Experience tells me that if I launch into a description of the different types of mediation, from directive to facilitative, their eyes glaze over, leaving no opportunity to mention the many benefits of transformative dialogue as opposed to outcome oriented mediation. So I say, “Last week I worked with the parents of two teenage boys to help them decide how the children would divide their time between the divorcing parent’s households since they lived an hour away from each other. They were able to create a plan so that the boys will continue to have both of their parents in their lives. As a non-attorney mediator I get to be involved in many situations like this one”. A real story about people in conflict working together to solve problems usually piques their interest.
The Community Mediation Center (CMC) offers conflict resolution assistance to anyone who needs it, using a sliding fee scale based on a person’s income. A two hour session with co-mediators from CMC may cost around $75 per party. Attorney mediators charge up to $350 an hour for mediation. If an in-depth knowledge of say, employment law, is needed, that might be the way to go. But for many conflicts, well-trained, experienced professional mediators can facilitate a restorative process, focusing on finding helpful solutions created by the parties themselves.
CMC mediators have 60 hours of training, including Interpersonal Conflict Resolution, Mediation Training and a 20 hour practicum involving observation and co-mediation with an experienced mediator. CMC mediators use a transformative or facilitative style of mediation which allows time for the parties to hear from each other, tell their stories, decide what the actual issues are, and create a plan together to move forward.
When choosing a mediator, here are some questions you may want to ask:
1. Are you a full-time mediator? How long have you been a mediator?
2. How many hours of training do you have and from what institution?
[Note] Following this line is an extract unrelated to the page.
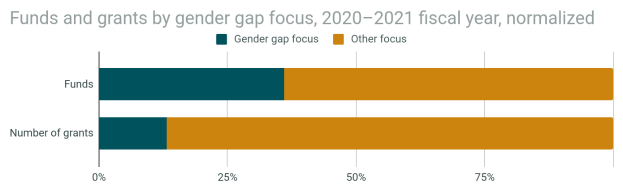Ein Balkendiagramm, das die Geschlechterunterschiede bei Fördermitteln und Zuschüssen nach Geschlecht im Jahr 2020-2021 zeigt, mit normalisiertem Haushaltsjahr, unterteilt in Abschnitte für Fördermittel und Zuschüsse, jeweils mit Prozentangaben und zusätzlicher Textinformation.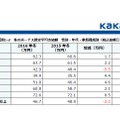 冬のボーナス推定平均支給額　性別・年代・家族構成別（税込金額）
Do you have a degree in the field of conflict resolution?
3. What experience do you have in different situations; workplace, divorce, never married parents, family, neighborhood or school mediations?
4. What style of mediation do you offer?
5. What is your fee structure, cost per hour or per session and the cost of additional sessions if needed?
6. Are you affiliated with regional, state or national mediation organizations?
Consider using a professional mediator for conflict situations you encounter, at home, at work or in your neighborhood. Using a trained, experienced professional mediator is not only cost effective, but can be the difference between a solution in which the parties have ownership in the outcome and therefore stick to agreements, and a solution imposed by a judge, or a directive mediator. People are capable of solving conflict in their lives if offered the opportunity and a process in which to do so. Mediation works!